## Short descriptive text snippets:
------------

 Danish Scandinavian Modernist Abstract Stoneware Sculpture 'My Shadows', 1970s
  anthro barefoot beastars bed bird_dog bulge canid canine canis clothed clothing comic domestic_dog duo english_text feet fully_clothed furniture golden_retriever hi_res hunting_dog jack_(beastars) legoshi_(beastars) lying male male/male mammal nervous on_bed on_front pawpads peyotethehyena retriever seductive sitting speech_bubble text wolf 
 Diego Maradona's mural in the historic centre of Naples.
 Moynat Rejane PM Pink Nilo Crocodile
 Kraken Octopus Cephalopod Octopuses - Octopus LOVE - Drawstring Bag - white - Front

------------

## What you should do:
In the records above, find the line containing "anthro barefoot beastars"; please retype it and every line after it through the last line, exactly and with nothing else.

## Response to this exercise:
  anthro barefoot beastars bed bird_dog bulge canid canine canis clothed clothing comic domestic_dog duo english_text feet fully_clothed furniture golden_retriever hi_res hunting_dog jack_(beastars) legoshi_(beastars) lying male male/male mammal nervous on_bed on_front pawpads peyotethehyena retriever seductive sitting speech_bubble text wolf 
 Diego Maradona's mural in the historic centre of Naples.
 Moynat Rejane PM Pink Nilo Crocodile
 Kraken Octopus Cephalopod Octopuses - Octopus LOVE - Drawstring Bag - white - Front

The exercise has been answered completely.